The use of wavelet transformations in chemometrics started in the early 1990-ies have proven to be very useful for noise suppression, data shortening, and quantitative analysis based on linear models [1, 2]. In this work, wavelet method was used for increase of resolution and sensitivity that are the most important characteristics of analytical instruments. Wavelet processing was performed by utilization of synthesized or modified wavelets oriented on the treatment of signal for certain class of instruments or adapted for specific type of instrument. Synthesis is based on information a priori on the apparatus function, noise correlation function, and specifications for apparatus on the stage of primary treatment [3, 4, 5]. Presented approach allows to broaden wavelet processing on the calculation of noise estimations for not only signal but also for linear transformation of this signal. Demonstrated fast algorithms can be realized in real time by compact computing devices. Application of the method for analytical instruments allows to increase sensitivity three or four times and ,simultaneously, resolution for rises up to the separation of completely overlapping peaks.
References:
1. Jetter K., Depezynski U., Molt K., Niemöller A. Principles and applications of wavelet transformation to chemometrics// Analytica Chimica Acta. 2000. V.420. P.169–180.

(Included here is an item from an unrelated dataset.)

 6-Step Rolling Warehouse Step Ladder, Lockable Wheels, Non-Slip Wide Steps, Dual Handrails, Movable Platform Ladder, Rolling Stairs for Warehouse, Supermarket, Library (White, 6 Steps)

2. Rodionova O.Ye. , Pomerantcev A.L., Chemometrics: achievements and prospects// Uspechi chimii (Russia). 2006. V.75 №4. P. 302–317.
3. Novikov. L.V. Wavelet - Based Deconvolution// Instruments and Experimental Techniques. 2007, vol.50, N1.
4. Novikov. L.V. Orthonormal Quasi-Wavelets for Signal Processing
//Izv, Vuzov. Priborostroenie (Russia). 2007, V.50, №1. P. 3–10.
5. Novikov. L.V. Modified Wavelets and Their applications// Journal of Communication Technology and Electronics. 2006. V.51. №11. P. 1337–1346.